„Zonder het Woord geen opwekking”
BIDDINGHUIZEN - „Stop met het lezen van kleine stukjes uit de Bijbel, want dan begrijp je de boodschap niet.” Tijdens de tweede dag van de pinksterconferentie van Stichting Opwekking in Biddinghuizen spoorde de Britse Bijbelleraar David Pawson zijn gehoor aan om de Bijbel te lezen als een detective: van voor naar achteren, met hele gedeelten tegelijk.

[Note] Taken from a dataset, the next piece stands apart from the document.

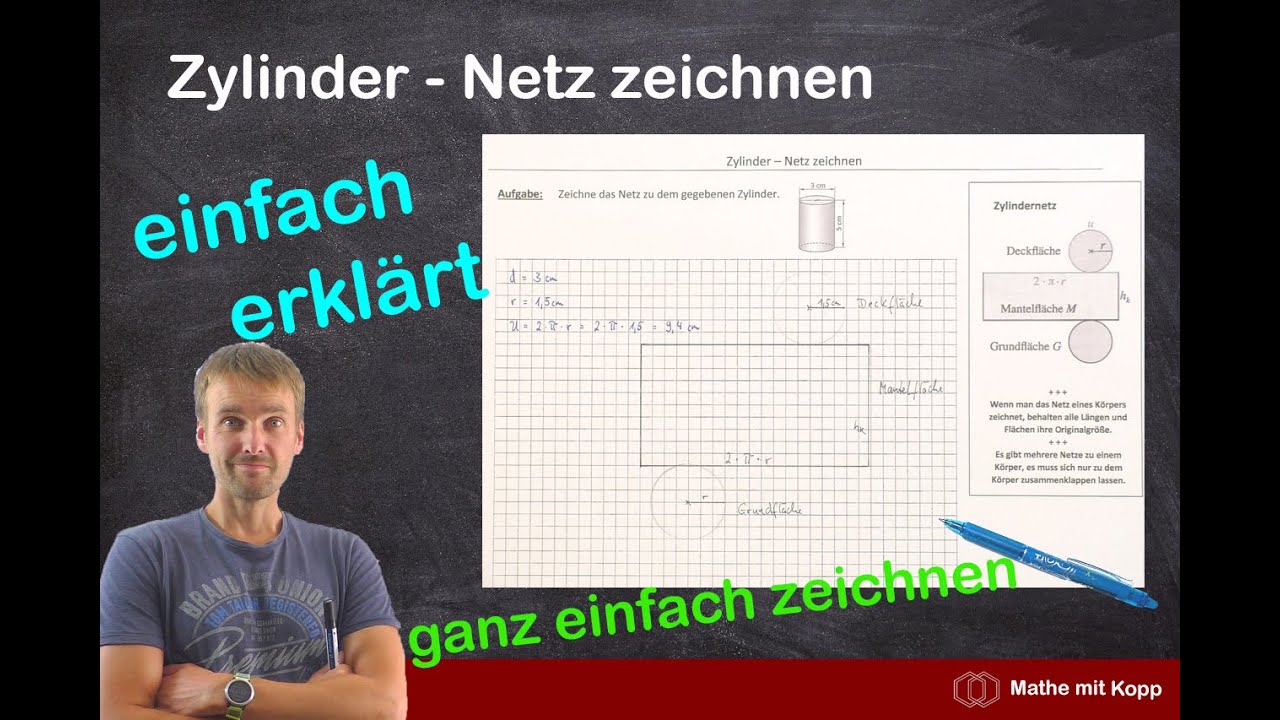 Zylinder - Zylindernetz zeichnen | Mathe mit Kopp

Pawson sprak zaterdagmorgen in de grote samenkomsttent over het thema: ”De Bijbel: geen boek maar een bibliotheek.” De Bijbel in zijn huidige vorm is niet zoals God hem gewild heeft, betoogde hij. „Hij is beschadigd door twee bisschoppen. Een Franse en een Ierse. De Franse pakte een pen en verdeelde het Woord in hoofdstukken. Vaak ontdek je tijdens het lezen dat de indeling niet klopt.”De Bijbelleraar, die een reizende bediening heeft onder kerkleiders in Groot-Brittannië en overzee, noemde enkele voorbeelden van een verkeerde indeling, waaronder Jesaja 53. „Dit geweldige hoofdstuk is een lied, maar de eerste regels ervan staan in hoofdstuk 52. Die regels bepalen de klank van het hele lied.”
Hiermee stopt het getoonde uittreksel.